## WHAT IS REQUIRED
Use the entries below and reproduce exactly the lines from the one containing "SAPS Ice Cream" down to the one containing "DARK MAGNETON Pokemon", both of them included.

## AVAILABLE DATA
┄┄┄┄┄┄┄┄┄┄

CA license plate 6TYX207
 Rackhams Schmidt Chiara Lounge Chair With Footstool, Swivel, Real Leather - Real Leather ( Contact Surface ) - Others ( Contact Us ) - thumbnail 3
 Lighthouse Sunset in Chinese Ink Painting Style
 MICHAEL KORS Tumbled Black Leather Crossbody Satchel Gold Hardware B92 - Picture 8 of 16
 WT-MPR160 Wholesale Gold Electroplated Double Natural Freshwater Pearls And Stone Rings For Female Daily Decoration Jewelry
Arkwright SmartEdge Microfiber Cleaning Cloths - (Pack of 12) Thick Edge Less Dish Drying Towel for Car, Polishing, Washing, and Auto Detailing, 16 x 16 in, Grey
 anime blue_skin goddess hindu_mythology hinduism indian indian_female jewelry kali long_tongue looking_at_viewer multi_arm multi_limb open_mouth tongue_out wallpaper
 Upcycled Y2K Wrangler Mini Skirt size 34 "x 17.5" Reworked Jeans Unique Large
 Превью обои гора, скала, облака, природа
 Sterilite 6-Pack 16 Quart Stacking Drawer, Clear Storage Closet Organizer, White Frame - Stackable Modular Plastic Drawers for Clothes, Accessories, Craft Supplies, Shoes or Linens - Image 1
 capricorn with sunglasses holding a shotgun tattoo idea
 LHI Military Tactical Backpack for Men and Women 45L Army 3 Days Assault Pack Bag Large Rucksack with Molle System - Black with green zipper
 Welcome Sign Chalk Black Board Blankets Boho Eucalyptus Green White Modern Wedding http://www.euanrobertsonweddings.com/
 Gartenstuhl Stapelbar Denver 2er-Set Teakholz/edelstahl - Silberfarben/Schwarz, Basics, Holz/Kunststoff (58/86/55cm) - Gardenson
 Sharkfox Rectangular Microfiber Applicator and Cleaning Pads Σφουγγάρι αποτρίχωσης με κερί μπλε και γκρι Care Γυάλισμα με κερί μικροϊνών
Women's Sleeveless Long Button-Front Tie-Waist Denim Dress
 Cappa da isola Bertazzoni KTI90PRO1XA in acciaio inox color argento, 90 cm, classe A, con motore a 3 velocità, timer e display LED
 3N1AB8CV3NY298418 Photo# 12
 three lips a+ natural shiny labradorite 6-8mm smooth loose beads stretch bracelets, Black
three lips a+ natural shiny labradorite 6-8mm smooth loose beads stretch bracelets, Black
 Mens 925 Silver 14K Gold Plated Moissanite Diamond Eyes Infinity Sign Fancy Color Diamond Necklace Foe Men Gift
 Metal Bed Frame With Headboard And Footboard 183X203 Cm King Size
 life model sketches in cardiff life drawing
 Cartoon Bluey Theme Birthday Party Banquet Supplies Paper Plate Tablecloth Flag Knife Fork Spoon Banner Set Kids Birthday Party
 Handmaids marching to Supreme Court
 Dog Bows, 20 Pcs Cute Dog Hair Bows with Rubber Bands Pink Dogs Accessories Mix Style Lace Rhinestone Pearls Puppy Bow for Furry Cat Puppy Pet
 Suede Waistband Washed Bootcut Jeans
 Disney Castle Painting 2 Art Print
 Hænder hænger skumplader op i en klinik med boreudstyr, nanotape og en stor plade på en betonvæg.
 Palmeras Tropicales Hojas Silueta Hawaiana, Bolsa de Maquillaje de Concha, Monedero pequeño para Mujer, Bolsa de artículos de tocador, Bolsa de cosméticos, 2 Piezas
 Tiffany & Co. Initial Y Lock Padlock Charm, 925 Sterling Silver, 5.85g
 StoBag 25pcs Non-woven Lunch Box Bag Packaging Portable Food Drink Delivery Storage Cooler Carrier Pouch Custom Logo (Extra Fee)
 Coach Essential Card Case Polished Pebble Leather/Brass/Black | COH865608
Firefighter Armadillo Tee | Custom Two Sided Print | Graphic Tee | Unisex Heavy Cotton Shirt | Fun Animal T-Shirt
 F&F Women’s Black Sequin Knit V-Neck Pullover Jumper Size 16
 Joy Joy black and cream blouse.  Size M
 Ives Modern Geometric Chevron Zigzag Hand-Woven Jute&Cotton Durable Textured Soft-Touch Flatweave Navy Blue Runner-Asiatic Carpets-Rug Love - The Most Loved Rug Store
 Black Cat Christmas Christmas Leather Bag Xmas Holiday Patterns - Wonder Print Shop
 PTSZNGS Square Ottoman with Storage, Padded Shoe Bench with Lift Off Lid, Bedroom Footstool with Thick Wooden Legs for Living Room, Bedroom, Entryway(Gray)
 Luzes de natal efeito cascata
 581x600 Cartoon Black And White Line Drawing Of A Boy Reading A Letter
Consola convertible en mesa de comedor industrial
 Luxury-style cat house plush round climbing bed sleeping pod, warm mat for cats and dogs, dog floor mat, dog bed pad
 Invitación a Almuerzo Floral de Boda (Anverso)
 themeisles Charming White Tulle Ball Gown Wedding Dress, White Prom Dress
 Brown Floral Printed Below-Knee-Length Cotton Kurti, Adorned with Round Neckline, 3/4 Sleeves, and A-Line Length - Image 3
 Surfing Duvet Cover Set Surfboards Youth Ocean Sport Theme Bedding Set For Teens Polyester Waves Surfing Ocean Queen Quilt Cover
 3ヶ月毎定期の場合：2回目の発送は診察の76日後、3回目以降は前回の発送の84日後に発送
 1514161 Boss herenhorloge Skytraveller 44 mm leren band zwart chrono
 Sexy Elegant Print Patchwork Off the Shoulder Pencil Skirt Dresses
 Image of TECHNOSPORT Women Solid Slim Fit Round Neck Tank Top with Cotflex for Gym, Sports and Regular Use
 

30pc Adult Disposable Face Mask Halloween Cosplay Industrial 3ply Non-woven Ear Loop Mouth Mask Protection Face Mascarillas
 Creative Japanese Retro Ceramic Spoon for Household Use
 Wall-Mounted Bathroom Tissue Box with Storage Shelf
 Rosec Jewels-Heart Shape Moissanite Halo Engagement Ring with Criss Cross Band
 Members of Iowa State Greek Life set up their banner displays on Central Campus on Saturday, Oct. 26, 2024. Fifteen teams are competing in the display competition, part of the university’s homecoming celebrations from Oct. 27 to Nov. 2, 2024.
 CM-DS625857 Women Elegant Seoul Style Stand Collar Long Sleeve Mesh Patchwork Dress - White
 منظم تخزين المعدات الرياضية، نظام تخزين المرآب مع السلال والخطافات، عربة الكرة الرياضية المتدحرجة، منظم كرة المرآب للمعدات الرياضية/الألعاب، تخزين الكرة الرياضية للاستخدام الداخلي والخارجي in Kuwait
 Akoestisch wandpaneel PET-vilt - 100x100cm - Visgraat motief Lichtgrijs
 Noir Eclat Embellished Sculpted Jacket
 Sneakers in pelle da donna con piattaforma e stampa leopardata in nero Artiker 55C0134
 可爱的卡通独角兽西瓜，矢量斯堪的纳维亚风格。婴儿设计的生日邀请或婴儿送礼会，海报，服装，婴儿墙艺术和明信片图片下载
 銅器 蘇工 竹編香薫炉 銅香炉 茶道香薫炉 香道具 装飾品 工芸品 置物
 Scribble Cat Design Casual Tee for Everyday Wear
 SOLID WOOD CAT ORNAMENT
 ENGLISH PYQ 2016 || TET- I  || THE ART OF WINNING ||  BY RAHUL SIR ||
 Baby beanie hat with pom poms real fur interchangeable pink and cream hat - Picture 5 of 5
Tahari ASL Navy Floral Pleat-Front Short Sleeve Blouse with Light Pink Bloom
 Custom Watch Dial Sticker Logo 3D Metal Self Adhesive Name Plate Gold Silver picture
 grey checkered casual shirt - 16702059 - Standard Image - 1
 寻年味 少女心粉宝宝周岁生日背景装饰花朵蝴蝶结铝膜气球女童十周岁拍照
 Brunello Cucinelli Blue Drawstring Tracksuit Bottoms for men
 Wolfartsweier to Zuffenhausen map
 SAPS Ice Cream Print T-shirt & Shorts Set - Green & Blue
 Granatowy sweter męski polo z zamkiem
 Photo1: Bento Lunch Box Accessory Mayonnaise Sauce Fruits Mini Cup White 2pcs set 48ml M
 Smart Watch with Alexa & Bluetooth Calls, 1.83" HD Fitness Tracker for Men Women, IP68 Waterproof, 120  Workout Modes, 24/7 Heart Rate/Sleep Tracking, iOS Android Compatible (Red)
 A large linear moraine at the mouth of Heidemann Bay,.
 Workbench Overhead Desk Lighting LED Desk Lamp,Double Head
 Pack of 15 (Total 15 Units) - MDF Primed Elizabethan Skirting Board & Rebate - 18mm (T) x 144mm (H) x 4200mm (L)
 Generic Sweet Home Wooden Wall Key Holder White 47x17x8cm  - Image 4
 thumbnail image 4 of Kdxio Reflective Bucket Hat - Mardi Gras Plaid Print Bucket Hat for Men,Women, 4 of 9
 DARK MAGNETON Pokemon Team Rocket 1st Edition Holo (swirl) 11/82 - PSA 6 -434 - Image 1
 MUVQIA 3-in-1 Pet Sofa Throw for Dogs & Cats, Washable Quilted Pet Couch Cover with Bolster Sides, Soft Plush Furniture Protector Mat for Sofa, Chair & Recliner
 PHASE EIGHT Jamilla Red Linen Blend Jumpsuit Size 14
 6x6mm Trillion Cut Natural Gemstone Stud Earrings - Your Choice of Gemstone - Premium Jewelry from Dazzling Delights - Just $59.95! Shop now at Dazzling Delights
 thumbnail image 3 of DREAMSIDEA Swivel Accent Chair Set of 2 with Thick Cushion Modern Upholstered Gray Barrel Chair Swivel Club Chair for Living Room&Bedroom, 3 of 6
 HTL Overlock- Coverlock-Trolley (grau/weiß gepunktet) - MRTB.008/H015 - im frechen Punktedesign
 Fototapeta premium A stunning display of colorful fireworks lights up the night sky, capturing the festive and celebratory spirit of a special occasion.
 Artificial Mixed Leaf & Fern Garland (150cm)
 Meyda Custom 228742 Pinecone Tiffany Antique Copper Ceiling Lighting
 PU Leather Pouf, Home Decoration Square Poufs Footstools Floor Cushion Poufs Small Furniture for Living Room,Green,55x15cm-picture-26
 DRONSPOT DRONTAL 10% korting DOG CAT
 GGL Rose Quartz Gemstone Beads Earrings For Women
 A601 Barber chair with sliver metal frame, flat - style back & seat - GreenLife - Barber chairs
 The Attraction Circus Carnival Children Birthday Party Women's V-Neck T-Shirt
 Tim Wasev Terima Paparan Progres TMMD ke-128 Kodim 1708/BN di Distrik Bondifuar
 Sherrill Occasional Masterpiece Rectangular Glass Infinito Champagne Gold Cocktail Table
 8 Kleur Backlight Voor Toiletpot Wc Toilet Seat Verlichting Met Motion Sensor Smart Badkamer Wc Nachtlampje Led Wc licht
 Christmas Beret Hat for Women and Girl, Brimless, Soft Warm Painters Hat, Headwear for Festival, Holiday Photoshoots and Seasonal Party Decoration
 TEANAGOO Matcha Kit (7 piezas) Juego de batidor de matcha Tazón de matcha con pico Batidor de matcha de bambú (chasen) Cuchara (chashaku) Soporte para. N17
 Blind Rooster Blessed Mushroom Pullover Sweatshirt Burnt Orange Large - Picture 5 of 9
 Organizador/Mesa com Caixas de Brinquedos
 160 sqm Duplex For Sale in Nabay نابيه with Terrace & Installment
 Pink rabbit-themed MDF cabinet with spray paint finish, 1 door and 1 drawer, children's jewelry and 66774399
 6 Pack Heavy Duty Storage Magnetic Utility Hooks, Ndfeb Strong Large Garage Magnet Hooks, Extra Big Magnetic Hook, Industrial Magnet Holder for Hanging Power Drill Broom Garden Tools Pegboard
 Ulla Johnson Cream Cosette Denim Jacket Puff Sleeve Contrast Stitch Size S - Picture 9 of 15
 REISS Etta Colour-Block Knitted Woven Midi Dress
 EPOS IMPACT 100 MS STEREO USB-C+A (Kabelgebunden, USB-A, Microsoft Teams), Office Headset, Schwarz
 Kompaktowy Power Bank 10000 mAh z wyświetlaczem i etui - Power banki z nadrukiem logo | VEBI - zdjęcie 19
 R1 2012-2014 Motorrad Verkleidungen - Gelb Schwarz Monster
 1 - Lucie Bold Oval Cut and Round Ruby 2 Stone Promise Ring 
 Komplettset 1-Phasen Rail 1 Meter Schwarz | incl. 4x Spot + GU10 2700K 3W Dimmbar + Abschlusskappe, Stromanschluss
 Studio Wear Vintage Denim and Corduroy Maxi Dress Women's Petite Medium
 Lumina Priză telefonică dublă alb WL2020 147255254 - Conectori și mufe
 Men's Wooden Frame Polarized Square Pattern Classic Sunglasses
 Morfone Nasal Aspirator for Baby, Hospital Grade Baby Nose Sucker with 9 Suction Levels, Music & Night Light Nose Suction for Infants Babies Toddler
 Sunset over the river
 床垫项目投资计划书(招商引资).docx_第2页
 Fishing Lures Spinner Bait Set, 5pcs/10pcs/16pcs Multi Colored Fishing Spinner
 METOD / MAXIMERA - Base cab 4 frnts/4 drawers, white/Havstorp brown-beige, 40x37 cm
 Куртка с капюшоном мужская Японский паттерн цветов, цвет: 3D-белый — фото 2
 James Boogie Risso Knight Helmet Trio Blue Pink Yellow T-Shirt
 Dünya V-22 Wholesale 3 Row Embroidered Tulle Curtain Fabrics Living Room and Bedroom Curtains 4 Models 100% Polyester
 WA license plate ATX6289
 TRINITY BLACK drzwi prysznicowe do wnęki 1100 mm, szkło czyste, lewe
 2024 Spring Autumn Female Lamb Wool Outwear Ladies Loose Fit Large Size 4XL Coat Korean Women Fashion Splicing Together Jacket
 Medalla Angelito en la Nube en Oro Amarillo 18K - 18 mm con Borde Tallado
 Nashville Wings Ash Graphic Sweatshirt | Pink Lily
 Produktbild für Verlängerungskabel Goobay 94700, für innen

┄┄┄┄┄┄┄┄┄┄

## RESULT FOR THIS EXERCISE
 SAPS Ice Cream Print T-shirt & Shorts Set - Green & Blue
 Granatowy sweter męski polo z zamkiem
 Photo1: Bento Lunch Box Accessory Mayonnaise Sauce Fruits Mini Cup White 2pcs set 48ml M
 Smart Watch with Alexa & Bluetooth Calls, 1.83" HD Fitness Tracker for Men Women, IP68 Waterproof, 120  Workout Modes, 24/7 Heart Rate/Sleep Tracking, iOS Android Compatible (Red)
 A large linear moraine at the mouth of Heidemann Bay,.
 Workbench Overhead Desk Lighting LED Desk Lamp,Double Head
 Pack of 15 (Total 15 Units) - MDF Primed Elizabethan Skirting Board & Rebate - 18mm (T) x 144mm (H) x 4200mm (L)
 Generic Sweet Home Wooden Wall Key Holder White 47x17x8cm  - Image 4
 thumbnail image 4 of Kdxio Reflective Bucket Hat - Mardi Gras Plaid Print Bucket Hat for Men,Women, 4 of 9
 DARK MAGNETON Pokemon Team Rocket 1st Edition Holo (swirl) 11/82 - PSA 6 -434 - Image 1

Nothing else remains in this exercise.